The equation constraint that contains the association of ${\tilde{\mathit{y}}}_{i,PM}(k)$ and $\Delta {\mathit{u}}_{i,M}(k)$ is first introduced into the objective function via a Lagrange multiplier to form the dual problem for $m$ subsystems, as shown in Equation (20).

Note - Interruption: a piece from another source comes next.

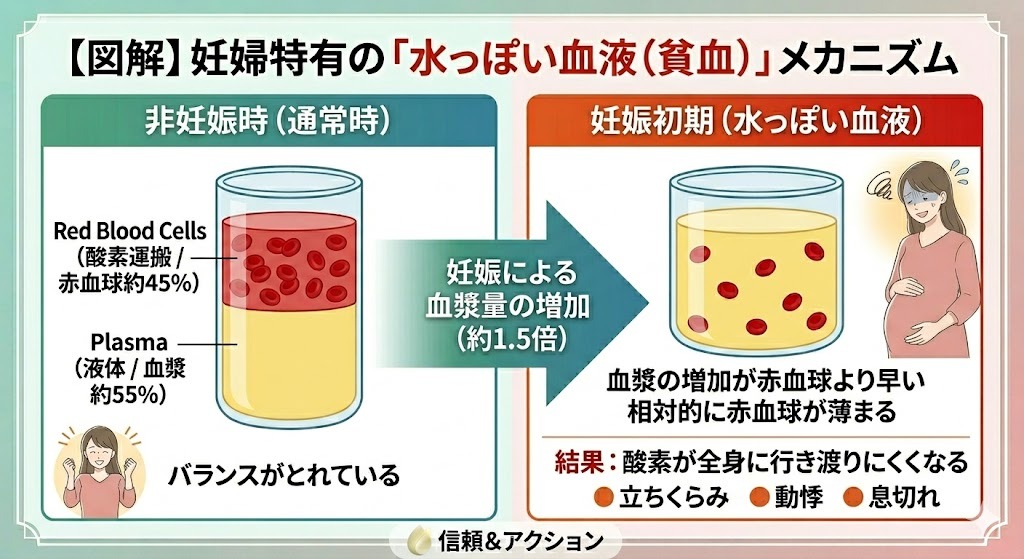 妊婦特有の「水っぽい血液（貧血）」メカニズムを示す図解。左側に「非妊娠時」のバランスがとれた血液組成（液体/血漿55%、赤血球45%）、右側に「妊娠初期」の血漿（液体）が急増（約1.5倍）し赤血球が薄まった血液組成、下部に「結果：酸素が全身に行き渡りにくくなる」と症状（立ちくらみ、動悸、息切れ）。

$$\begin{array}{l}\begin{array}{cc}\min & L_i(\Delta {\mathit{u}}_{i,M}(k),{\tilde{\mathit{y}}}_{i,PM}(k),\lambda )\end{array}\\ \begin{array}{cc}\mathrm{s}.\mathrm{t}.& {\mathit{u}}_{i,M}(k)={\mathit{u}}_{i,M}(k-1)+\Delta {\mathit{u}}_{i,M}(k)\\ & {\underset{\_}{\mathbf{Y}}}_i\le {\tilde{\mathit{y}}}_{i,PM}(k)\le {\overline{\mathbf{Y}}}_i\\ & {\underset{\_}{\mathbf{U}}}_i\le {\mathit{u}}_{i,M}(k)\le {\overline{\mathbf{U}}}_i\\ & \Delta {\underset{\_}{\mathbf{U}}}_i\le \Delta {\mathit{u}}_{i,M}(k)\le \Delta {\overline{\mathbf{U}}}_i\end{array}\end{array}$$

(20)

Therefore, the association of ${\tilde{\mathit{y}}}_{i,PM}(k)$ and $\Delta {\mathit{u}}_{i,M}(k)$ in the constraints no longer remains. The constraints on ${\tilde{\mathit{y}}}_{i,PM}(k)$ and $\Delta {\mathit{u}}_{i,M}(k)$ are already independently separable, so the optimization problem of Equation (20) is further decomposed into the QP problems corresponding to ${\tilde{\mathit{y}}}_{i,PM}(k)$ and $\Delta {\mathit{u}}_{i,M}(k)$, as shown in Equations (21) and (22).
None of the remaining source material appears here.